はじめて?

 高圧的な態度とは裏腹に、冬夜の瞳はどこか希うようでもあった。

 トモエの手を引いて、ベッドから起き上がらせてくれる。

 乱れた髪を整えてくれる手は本当に優しくて。

 まるで触れれば壊れてしまう宝物を扱うかのように、冬夜はトモエの頭を撫でた。


「あ、の……」


(私たち、なんてことを……)


 冷静になってみれば、初対面の男といきなりなんてことをしてしまったのかと、トモエはあまりの恥ずかしさで、穴があったら入りたくなってしまった。

 耳まで真っ赤になって目を泳がせているトモエを、冬夜はじっと見つめている。それからこらえられなくなったように、笑い出した。


「あんた、やっぱりお嬢様だな。
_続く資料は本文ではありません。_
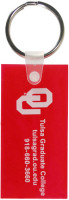Key Chains: Rectangle Shaped Keychains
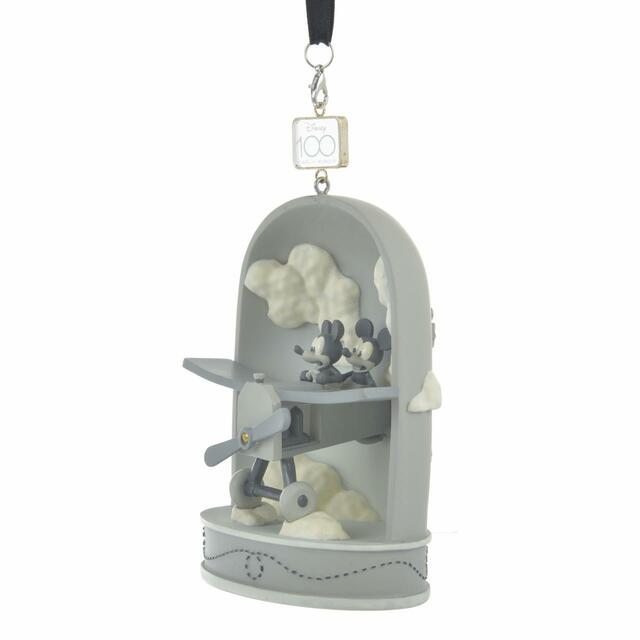 ミッキー＆ミニー オーナメント プレーン・クレイジー Disney100 The Eras Collection Studio 4,400円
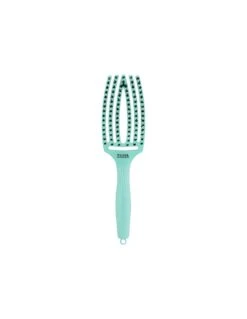 OLIVIA GARDEN CEPILLO FINGERBRUSH COMBO VERDE MENTA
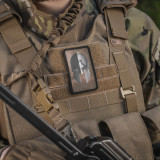 M-Tac нашивка Spartan Helmet Coyote/Black M-Tac нашивка Spartan Helmet Coyote/Black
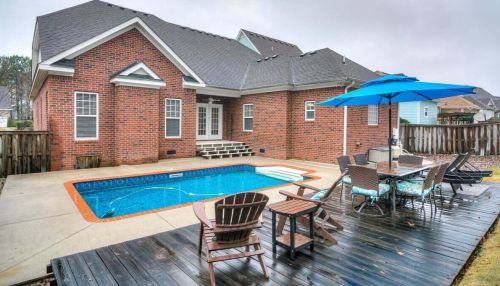208 Oleander Trl, Evans GA  30809-5132 exterior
こんなことで茹で蛸みたいになるなんて」


(だって、これって……子どもができるかもしれないってことでしょう?)


 た、多分そう……!


 トモエは一気に大人の階段を登ってしまったと、心臓がバクバクした。

 ……トモエは知らなかったのだ。口付けだけで、子どもはできないのだと。

 そういう教育をしてくれる人はいなかったし、桜狐家は恋愛小説は禁止だった。だからトモエは、そう言う男女の機微にはからっきしなのだった。
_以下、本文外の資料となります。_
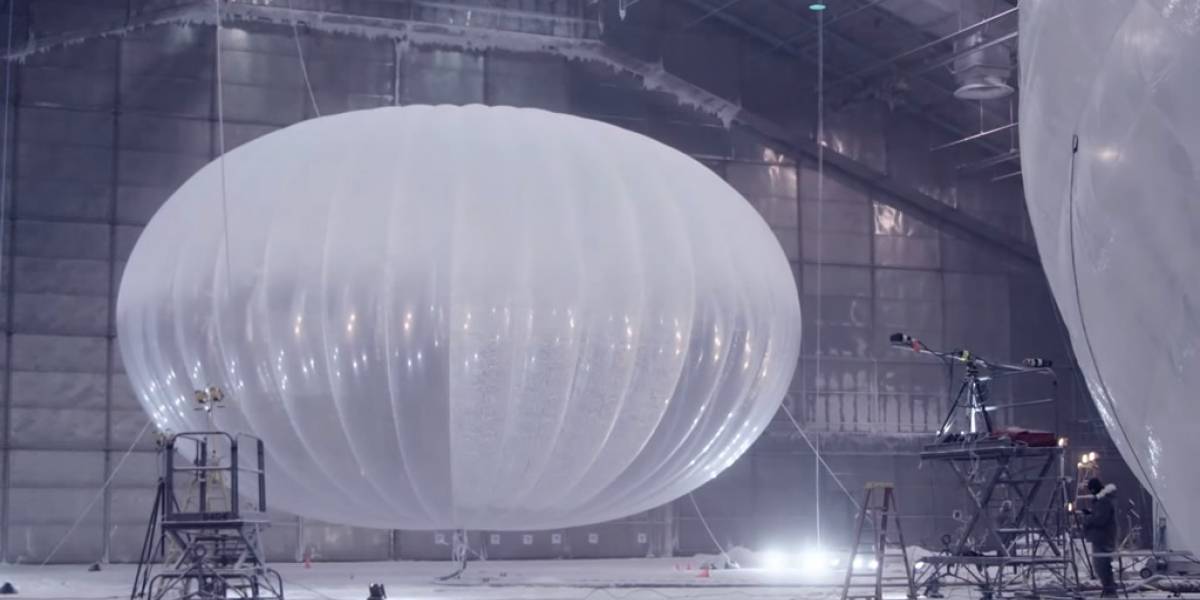 Globos proveedores de internet de Project Loon son sometidos a condiciones extremas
(えっと……つまり、今の行為をすれば、私の霊力を冬夜さまに、受け渡すことができるってこと?)


 そう考えて、トモエははっとした。


「体が……」


 頭の中のもやもやが、晴れたようだった。

 自分の体を見てみるが、特段いつもと変わったところは見受けられない。けれど明らかに、トモエの中の何かが変わっていた。


(なんて楽なの!)


 本当に、体が随分軽くなった。思わず立ち上がってふらふらと部屋を歩き出す。

 けれどすぐ冬夜に止められてしまった。


「こら、ベッドにいろと言ったばかりだろうが」


「だって、体が、軽いんです。とっても!」


 自然と笑顔が浮かぶ。


「こんなに体調がよくなるなんて……」


「今まで、こういうことはしなかったのか?」


「こんな方法があるなんて、知りませんでした」


 そう言うと、冬夜は少し顔を曇らせた。


「知らなかっただと?」


「え……? あの、はい」


「あんたの親も、何も言わなかったのか?」


「……普通に病院に通って、薬でおさえていました。薬でも多少マシにはなるんですけど、これほどまでの効果はなくて」


(まずい。私が酷い育て方をされてなんて知ったら、この人は幻滅してしまう……?)


 さっきから、この人はお嬢様、とトモエのことを呼んでいた。

 冬夜はどうやら、トモエの血筋を重視してトモエを娶ったのだ。

 トモエが桜狐家で虐げられて育っており、令嬢のようなふるまいなどできないと知ったら、がっかりするかもしれない。

 トモエは焦って取り繕った。


「色々試してたんですけど、その……」


 もごもご言い募っているうちに、先程の行為が思い出されて、また顔が赤くなってきてしまった。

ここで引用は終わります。